[O]Flux High-level Motivation

Tasty.

If you read the original Flux paper carefully, there are several things that the Flux tool provides:


○ A data-flow-like top-level language which describes

1. How the C++ functions in the application should be composed to complete the task flow in the program.
2. How to protect common resources these functions manipulate using atomicity constraints.
3. The C++ types and arguments passed from one task to another (though the Flux compiler itself does not comprehend the types very deeply).

○ An event-based run-time on which to run the final program which prioritizes:

1. Abstracting concurrency issues from the developer writing the lower level  C++ functions as much as possible.
2. Trying not to block when doing synchronized work
3. Completing work which it has already underway (so don't begin something new when there is a partially complete and runnable task available).
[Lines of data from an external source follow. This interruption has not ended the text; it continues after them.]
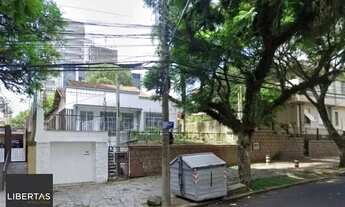 Imagem 2: Casa em Porto Alegre, no bairro São João, com 4 dormitório(s), à venda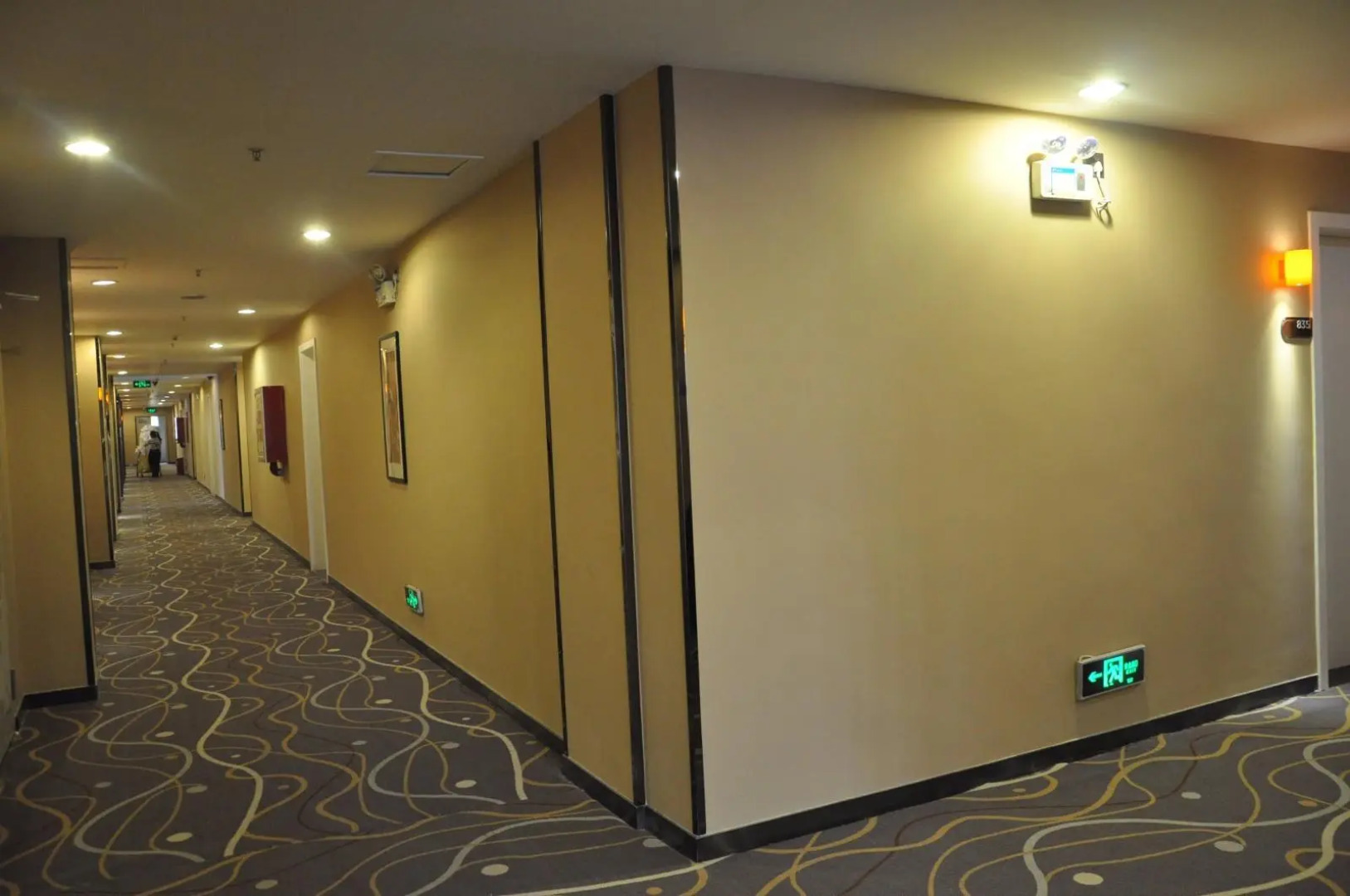 7 Days Premium·Dongguan Government Tiyu Road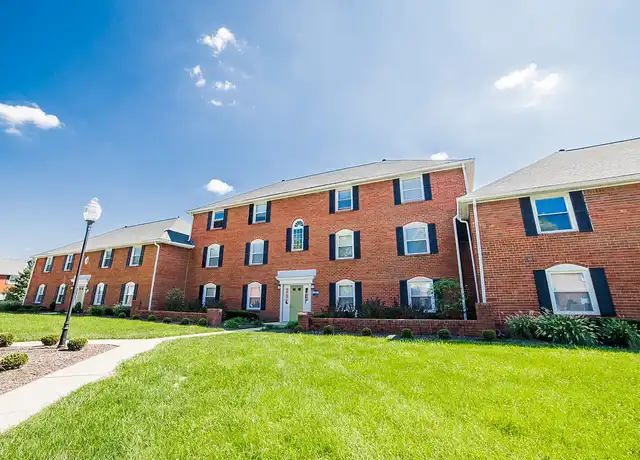 Property at Barrington Estates Apartments - 8717 W Old Town Dr, Indianapolis, IN, 46260, 1-3 bed, 1-2.5 bath, [object Object]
○ Other benefits of the Flux approach include

1. High re-use of existing code (they cite the migration of an existing BitTorrrent client to Flux).
2. Deadlock avoidance is part of the design
3. Performance analysis and prediction

Although a seemingly cumbersome choice for a small domain-specific language, Java was used to implement the original Flux compiler.  One advantage of this choice is that the compiler is highly distributable as a JAR (build once, run everywhere -- right?).  The generated C code that the compiler produced from the Flux flow description implemented the flow with a giant switch statement.  The Flux language implements choice using a style that is similar to pattern matching in a functional language (so a single conditional successor is possible after a node event has run).

Webserver Example

This example demonstrated nicely how to use the basic parts of the Flux language and how to mentally visualize the program:

/* Your basic web server flow */

node Page (int socket) => ();

node ReadRequest (int socket) 
   => (int socket, bool close, const char* request);

node Reply (int socket, bool close, int length, 
      const char* content, const char* output) 
   => ();

node ReadWrite (int socket, bool close, const char* file)
   => (int socket, bool close, int length, 
    const char* content, const char* output);

node Listen () => (int socket);

node FourOhFour (int socket, bool close, const char* file) 
   => ();

node BadRequest (int socket) => ();

source Listen -> Page;

Page = ReadRequest -> ReadWrite -> Reply;

handle error ReadWrite -> FourOhF;

handle error ReadRequest -> BadRequest;

Visualized as a graph the source node Listen  listening to an accept socket passes the request socket to its successor node.  The Page node is just an abstract node or expression for what follows (ReadRequest in this case). ReadRequest reads the request from the socket and determines if there is any HTTP keep-alive in the request.

This flow is straight-through handling except that there are error handles along the way for mis-formed requests (BadRequest) and resources which the webserver does not have (FourOhFour named after the famed 404 HTTP return code).

In terms of concurrency the run-time will juggle the system calls that are used to read files, read requests from sockets and write responses on those sockets.  Without bothering the application programmer very much about it, the ability to have multiple threads reading different resources (possibly separate files that are not paged into virtual memory yet) at the same time is cool.  In this case we say that there are several threads running events for a node like ReadWrite.